O mote: Lei que resolve muitos problemas: lei-tura.
Em pleno domingo, acordei e já me deparo com alguns (bons) comentários sobre o compartilhamento que fiz no Facebook. Refiro-me a frase do mote: Lei que resolve muitos problemas: lei-tura. Gostei da conversa virtual. Fez-me pensar.
A frase em epígrafe propõe uma justaposição de lei e de leitura.

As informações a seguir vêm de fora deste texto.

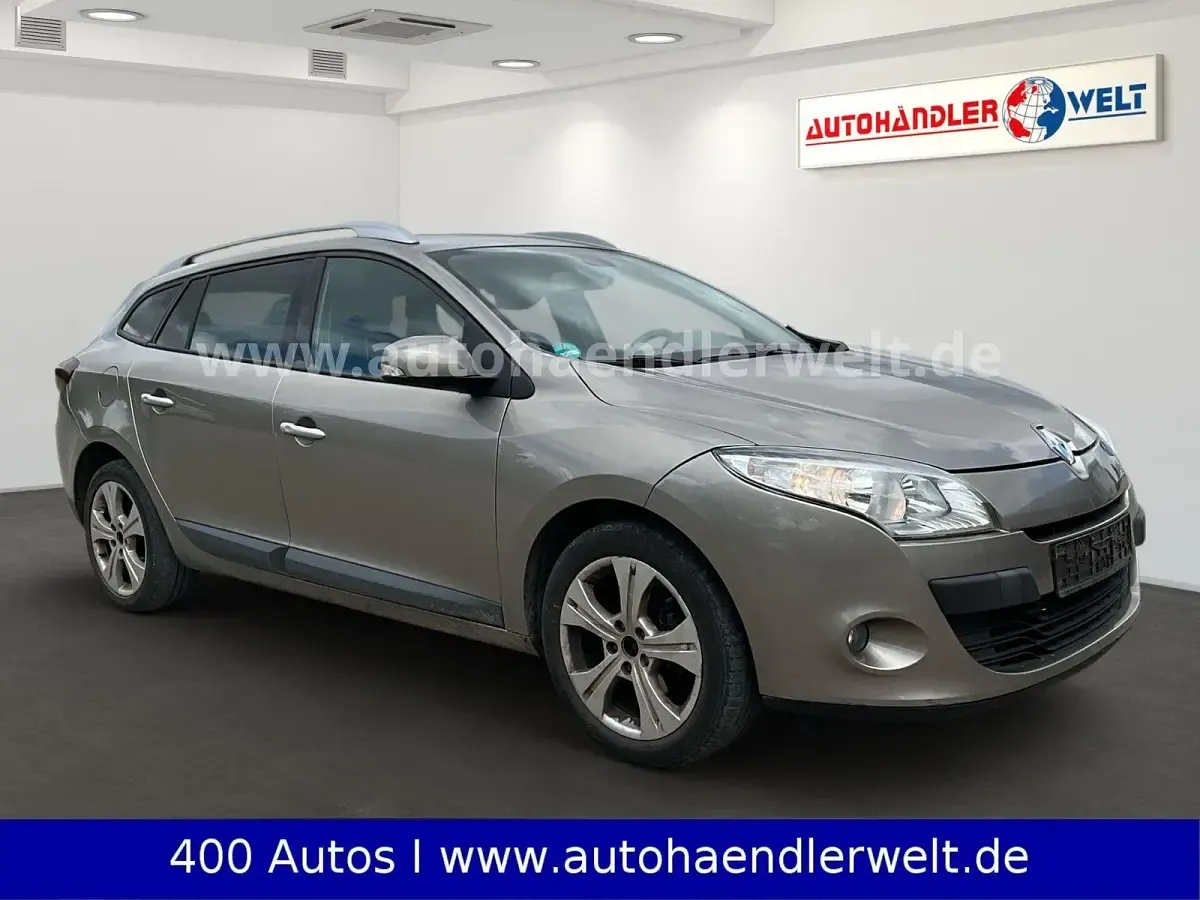 Gebraucht Renault Mégane GrandTour Dynamique 110 PS (80 kW) 2011 Beige Kombi
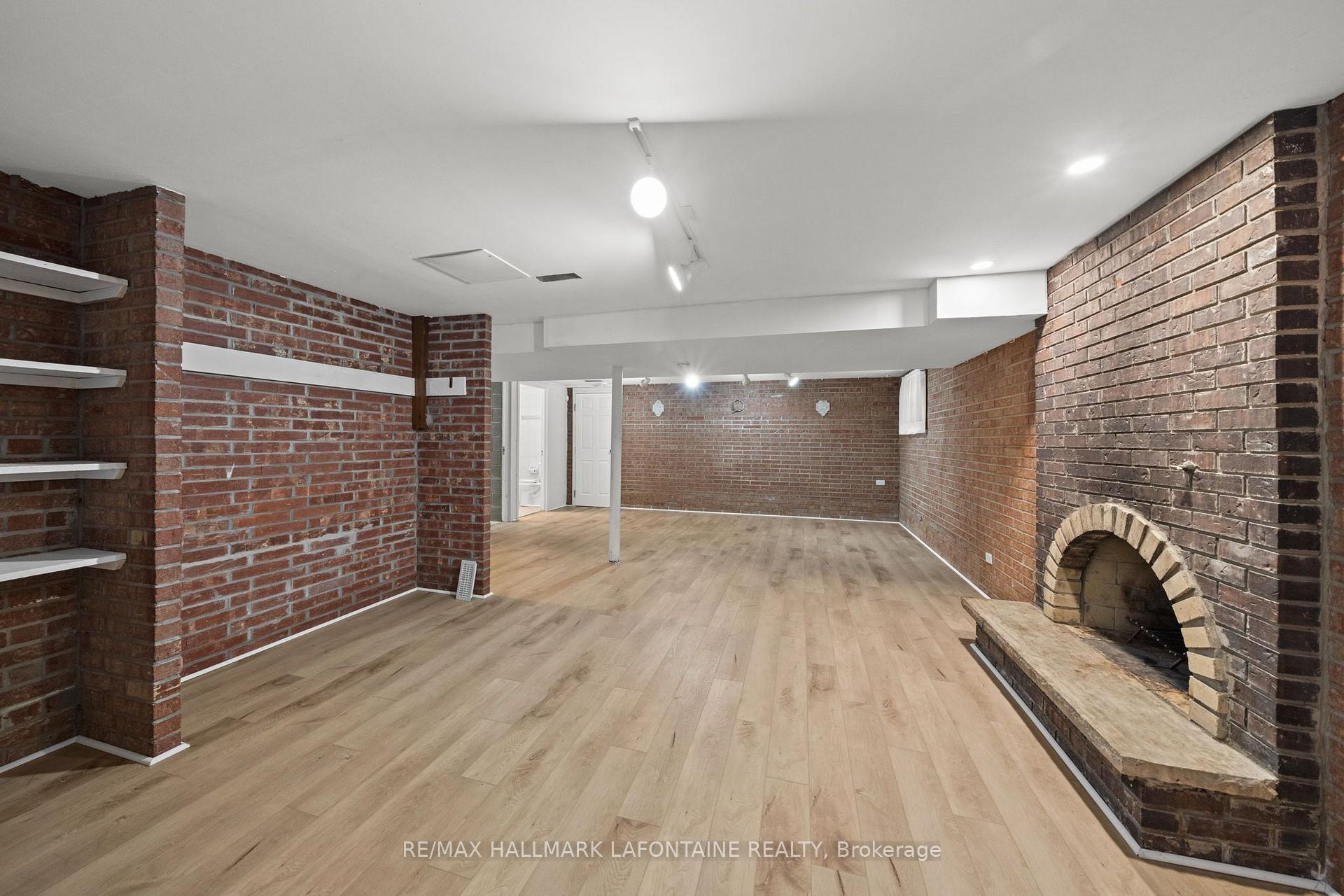 Photo 37 of 828 Roseview Avenue, Ottawa, Britannia Heights — HOMEH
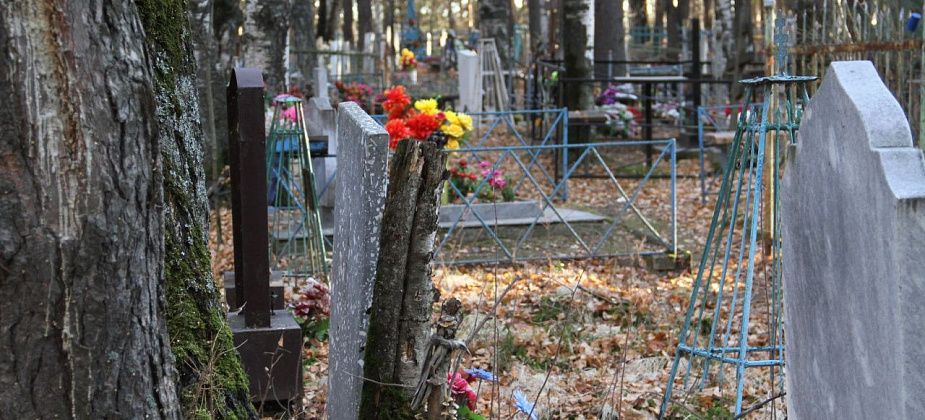 Содержанием серовских кладбищ продолжит заниматься «СтройТрест»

O que é, grosso modo, a lei? É um pensamento lógico que se materializou na forma escrita. Baseia-se na imposição da vontade do Estado e no código léxico em comum (para ser entendido por todos). E a leitura? É mais complexa que o conceito de lei. Ler é um processo ativo, personalíssimo, volitivo, que se baseia em conhecimentos anteriores (que desenvolveram a competência de decodificação de algo ou de uma situação). Caso seja a leitura de algo escrito, é uma decodificação/interpretação de códigos (também baseado – mas não exaurido - no léxico). Opa! Então há leitura do não escrito? Sim! De uma obra de arte, por exemplo. Outro exemplo possível: a leitura visual do corpo de alguém enfezado!
Portanto, o texto não é apenas algo escrito? Não, é mais que isso. Ele é um conjunto de enunciados coerentes, uma composição de signos que tenham sentido. Uma carta, uma pintura, uma ópera.
Tanto a lei quanto a leitura têm muitas coisas em comum. A exegese é uma delas. Fazer uma exegese é tentar interpretar para poder explicar um texto (a lei é um texto), uma expressão, um comportamento, um ato humano, enfim.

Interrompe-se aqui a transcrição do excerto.